Il est raconté dans les traditions et légendes qu’une nuit parmi les nuits, dans un lointain Orient, — or cette nuit-là était la nuit du Destin, Shéhérazade aux yeux de pharaonne, liseuse des Astres, dit à l’oreille du très cruel et tourmenté roi Schariar, pour ne pas perdre la vie d’une façon violente, une histoire envoûtante qui depuis s’est répandue dans le monde entier… Il m’est revenu, Ô Roi fortuné, qu’il y avait en les années d’il y a très longtemps et les jours du passé reculé et depuis des âges abolis, dans une ville d’entre les villes de la Perse, deux frères dont l’un se nommait Qâssim et l’autre Ali Baba…
(extrait de l’adaptation de Macha Makeïeff et Elias Sanbar)

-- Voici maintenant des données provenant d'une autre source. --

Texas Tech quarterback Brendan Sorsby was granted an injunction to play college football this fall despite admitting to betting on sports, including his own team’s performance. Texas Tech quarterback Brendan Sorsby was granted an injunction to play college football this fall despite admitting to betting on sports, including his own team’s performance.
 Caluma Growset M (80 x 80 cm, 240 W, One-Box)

Du Caire à Bagdad, de l’Inde à la Chine, des îles mystérieuses à des rivages inconnus, les contes des Mille et Une Nuits n’ont jamais cessé de faire rêver, au-delà des temps et des frontières.
Les zones d’ombre sont nombreuses sur la transmission des Nuits et les débats infinis sur l’appartenance du recueil aux traditions orales ou écrites. Il existe aujourd’hui une centaine de manuscrits qui diffèrent par le choix, l’ordre et le nombre de contes, et par la diversité des influences. Le plus ancien manuscrit date du IXe siècle et on observe ensuite une absence totale de traces manuscrites entre le Xe et le XVe siècle, si ce n’est à travers des citations ou des témoignages indirects. Tous présentent cependant la particularité de s’organiser selon la technique de l’enchâssement, héritage de la tradition indienne et persane légué à la culture arabe. Texte multiple et protéiforme, les Nuits s’ouvrent à la culture occidentale grâce à Antoine Galland, employé à la Bibliothèque du Roi puis Lecteur de Louis XIV pour les langues orientales. Celui-ci fait venir de Syrie un manuscrit du XVe siècle. Sa traduction qui paraît de 1704 à 1717 connaît un engouement immédiat en France, en Europe et en Amérique, où il est à son tour traduit en de nombreuses langues. Grâce aux récits de son ami d’Alep, le maronite Antun Yusuf Hannâ Diyâb, il y intègre des « contes orphelins » comme Aladin ou Ali Baba dont on ne trouve aucune trace dans les manuscrits arabes antérieurs. La traduction de Mardrus à l’aube du XXe siècle déclenche un nouvel enthousiasme jamais démenti dès lors, irriguant les milieux artistiques les plus avant-gardistes aux cultures de masse des XXe et XXIe siècle. De conteur en conteur, de scribe en scribe, de traducteur en traducteur, les Nuits n’ont cessé de s’inventer et se recomposer, se développer et se transformer jusqu’à nos jours.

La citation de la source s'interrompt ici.